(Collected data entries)
'''

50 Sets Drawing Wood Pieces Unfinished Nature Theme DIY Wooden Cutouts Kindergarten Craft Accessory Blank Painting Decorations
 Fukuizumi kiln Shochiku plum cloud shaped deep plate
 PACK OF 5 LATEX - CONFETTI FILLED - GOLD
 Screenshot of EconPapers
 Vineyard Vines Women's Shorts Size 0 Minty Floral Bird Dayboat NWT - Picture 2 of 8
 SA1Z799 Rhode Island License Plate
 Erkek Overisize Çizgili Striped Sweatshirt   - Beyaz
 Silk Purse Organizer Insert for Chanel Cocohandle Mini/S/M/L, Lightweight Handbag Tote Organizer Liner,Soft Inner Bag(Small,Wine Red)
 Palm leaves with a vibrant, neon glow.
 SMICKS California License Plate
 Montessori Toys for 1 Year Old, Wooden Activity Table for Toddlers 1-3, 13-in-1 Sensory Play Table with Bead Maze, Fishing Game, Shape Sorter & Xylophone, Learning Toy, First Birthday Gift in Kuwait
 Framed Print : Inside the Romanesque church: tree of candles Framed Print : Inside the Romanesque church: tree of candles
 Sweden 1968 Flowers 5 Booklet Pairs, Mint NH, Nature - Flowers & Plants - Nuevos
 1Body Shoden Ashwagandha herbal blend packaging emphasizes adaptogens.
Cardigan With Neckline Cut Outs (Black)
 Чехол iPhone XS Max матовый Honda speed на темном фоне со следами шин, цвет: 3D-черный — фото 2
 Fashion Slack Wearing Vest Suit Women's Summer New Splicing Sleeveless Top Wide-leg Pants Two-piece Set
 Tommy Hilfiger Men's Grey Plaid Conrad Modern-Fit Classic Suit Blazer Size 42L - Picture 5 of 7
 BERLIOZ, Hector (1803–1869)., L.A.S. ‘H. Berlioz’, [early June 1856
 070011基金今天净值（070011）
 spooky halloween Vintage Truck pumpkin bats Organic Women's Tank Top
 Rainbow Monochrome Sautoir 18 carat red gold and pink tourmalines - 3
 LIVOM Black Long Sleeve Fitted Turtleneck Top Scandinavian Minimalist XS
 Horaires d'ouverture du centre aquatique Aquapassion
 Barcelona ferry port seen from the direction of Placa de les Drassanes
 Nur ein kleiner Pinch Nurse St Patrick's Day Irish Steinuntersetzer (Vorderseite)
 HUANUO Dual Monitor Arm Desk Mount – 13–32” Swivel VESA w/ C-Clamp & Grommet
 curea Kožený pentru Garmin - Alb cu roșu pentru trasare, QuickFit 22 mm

'''

--- DIRECTIONS ---
Please reproduce, exactly as they appear above, the lines from the line containing "Palm leaves with a vibrant, neon glow." up to and including the line containing "of candles Framed".

--- RESPONSE FOR THIS EXERCISE ---
 Palm leaves with a vibrant, neon glow.
 SMICKS California License Plate
 Montessori Toys for 1 Year Old, Wooden Activity Table for Toddlers 1-3, 13-in-1 Sensory Play Table with Bead Maze, Fishing Game, Shape Sorter & Xylophone, Learning Toy, First Birthday Gift in Kuwait
 Framed Print : Inside the Romanesque church: tree of candles Framed Print : Inside the Romanesque church: tree of candles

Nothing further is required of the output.